Australian Antarctic Division krill researcher, Dr So Kawaguchi, and his colleagues, Dr Christian Reiss (lead investigator) from the US National Marine Fisheries Service and Dr Raouf Kilada from the University of New Brunswick (St John), Canada, have joined forces to investigate using eyestalks to age Antarctic krill, based on a technique developed by Dr Kilada in 2012 in lobsters, crabs and shrimp.
‘The Australian Antarctic Division’s role in this collaboration will be to provide krill of a known age, grown in our research aquarium in Kingston, to validate this method in the much smaller and more fragile Antarctic krill,’ Dr Kawaguchi said.
The collaborators were recently awarded a $48 200 research grant from the Antarctic Wildlife Research Fund to conduct the work.
‘If the technique works as well for krill as it does for larger crustaceans, we’ll be able to develop more accurate age-based growth models to improve krill fishery management,’ Dr Kawaguchi said.
‘We’ll also be able to compare krill growth in different parts of Antarctica and we’ll have an age-structure baseline against which future changes in krill populations can be observed.’
Unlike many fish and invertebrates that record their age in growth rings deposited in structures such as ear bones, scales and shells, krill do not have any such hard parts that are preserved when they moult.
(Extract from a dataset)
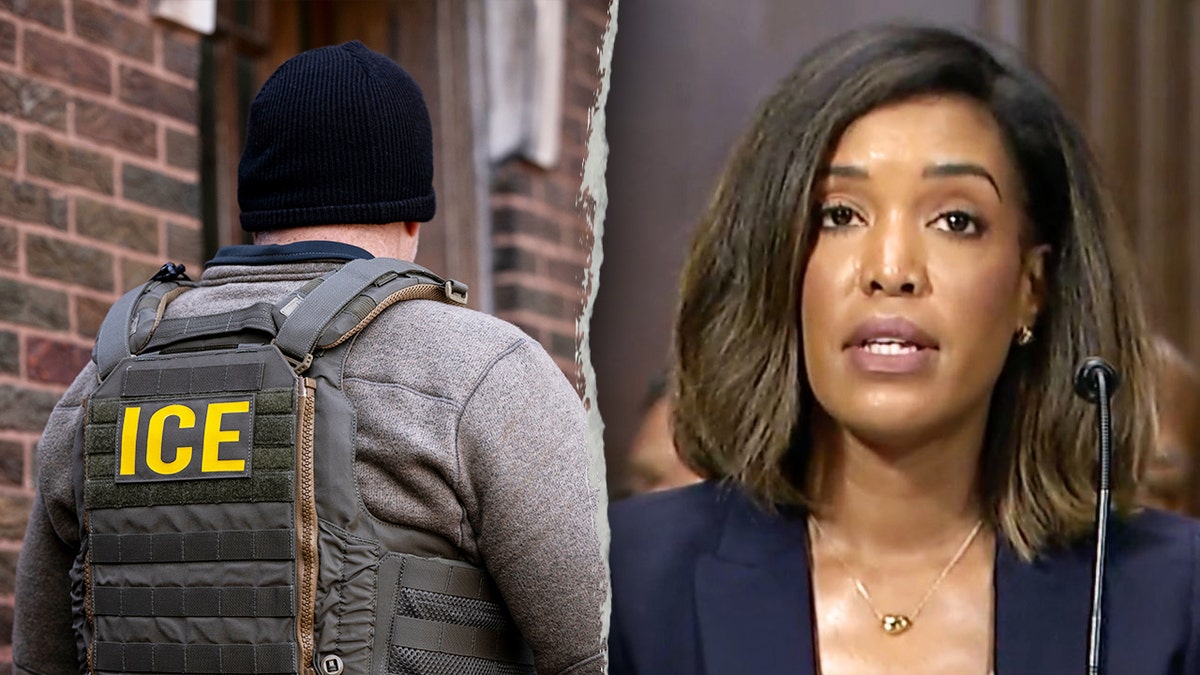 Illinois federal judge Lindsay Jenkins has dismissed a Trump administration lawsuit that sought to disrupt limits Chicago imposes on cooperation between federal immigration agents and local police.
Krill also shrink if food is limited, unlike other crustaceans, so using body length as a proxy for age doesn’t work.
While indirect ageing techniques have been developed, including eyeball size or the accumulation of natural fluorescent pigments in nerve tissue, these are affected by seasonal and environmental conditions, such as food availability and temperature. This complicates comparisons of krill age across areas with different environmental conditions.
‘Our inability to directly age krill limits our understanding of krill ecology, because we cannot compare size at age among areas of the Antarctic with different environmental conditions, or krill growth and recruitment over time,’ Dr Kawaguchi said.
‘It also limits our understanding of the variability in krill population structure — including growth, recruitment and size at age — at local, regional and circum-Antarctic scales.’
In 2012 Dr Kilada found that annual growth bands are formed in the eyestalk of larger crustaceans, which can be counted under a light microscope. The collaborative research team now aim to determine the efficacy of the technique in aquarium-raised krill of known age, as well as wild krill collected during recent and future Antarctic voyages.
The team will also examine krill samples preserved in formalin during research cruises of the US Antarctic Marine Living Resources Program, conducted between 1991 and 2015.
‘If this technique works on formalin-preserved samples it would open up the possibility of making direct comparisons of the size at age of krill in different areas and in different time periods,’ Dr Kawaguchi said.
‘This could include comparing historical growth during Douglas Mawson’s Discovery expeditions in the early 1930s with contemporary samples, or comparing Weddell Sea with Antarctic Peninsula samples.
‘From this we could determine if there’s been any change in the age or the size at age structure of populations and what might have caused that change.’
The research team will provide the results and techniques to members of the Commission for the Conservation of Antarctic Marine Living Resources, to enable the age-based assessments needed for fishery management.